Morris v. Morris

177 N.W. 266, 210 Mich. 36
CourtMichigan Supreme Court
DecidedApril 10, 1920
DocketDocket No. 99
StatusPublished
Cited by4 cases

This text of 177 N.W. 266 (Morris v. Morris) is published on Counsel Stack Legal Research, covering Michigan Supreme Court primary law. Counsel Stack provides free access to over 12 million legal documents including statutes, case law, regulations, and constitutions.

Bluebook
Morris v. Morris, 177 N.W. 266, 210 Mich. 36 (Mich. 1920).

Opinion

Moore, C. J.

Frank Morris died intestate, leaving a wife but no children. His heirs besides his wife are a brother, Manley Morris; his sisters, Nellie DeVal, Rose Whitmore, Clara Waling, Ellen Earl; his nieces, Maud Taylor, Nora Sherman; and his nephews, Vern Blodgett and Will Blodgett. Mrs. Morris, the plaintiff, was appointed administratrix of his estate. He left an estate of about $14,000. On or about April 23, 1918, Mrs. Morris filed her final account. The defendants filed objections to the allowance thereof, claiming that there were items of property belonging to the estate which had not been placed in the inventory nor accounted for in the final account. Objection was also made because of the claim of certain commissions paid to one George Earl for the selling of certain lumber belonging to the estate, and for expenses paid to him by the administratrix, while he was making the sales, because it is claimed that the administratrix had claimed and received commissions under the statute as administratrix for the sale of the lumber, and if George Earl was paid for what he did it constituted a double commission against the estate.
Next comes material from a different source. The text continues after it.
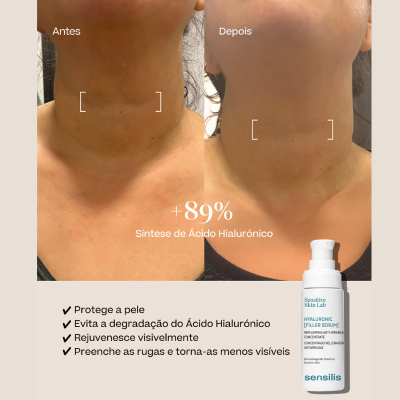 Sensilis Coffret Photocorrection HA SPF50 + Sérum Hialurónico | Farmácia d'Arrábida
It was also claimed that the expenses charged by him and paid by the administratrix were matters which belong to her to perform in the regular course of her duties as administratrix, and'if she chose to employ another to perform such services it was for her to pay out of the commissions which she received and was not a legitimate charge against the estate. Another objection to the final account concerned the claim for the amount paid attorneys for the estate. An objection also related to the claimed allowance for extra compensation to the administratrix of $250.

The probate court allowed the final account as presented, except the claim of the administratrix of $250 for extra compensation. The defendants took an ap[38]*38peal from the decision of the probate court to the circuit court where the issues litigated were:

(1) The item concerning the title to the standing timber. This timber was a' 14-acre tract of timber which had been deeded to Mr. and Mrs. Morris as husband and wife prior to his death. The deed was in due form, was properly acknowledged, witnessed and recorded. The grantor in the deed retained the fee of the land and the deed provided the trees should be cut and removed in a limited period. The timber was sold and Mrs. Morris took the- money and made no account of it to the estate claiming it was hers by right of survivorship.

(2) To the title to the logs and lumber, piled upon or near land owned by Frank B. Morris and Minnie Morris, his wife, which logs and lumber were severed from the soil prior to his death.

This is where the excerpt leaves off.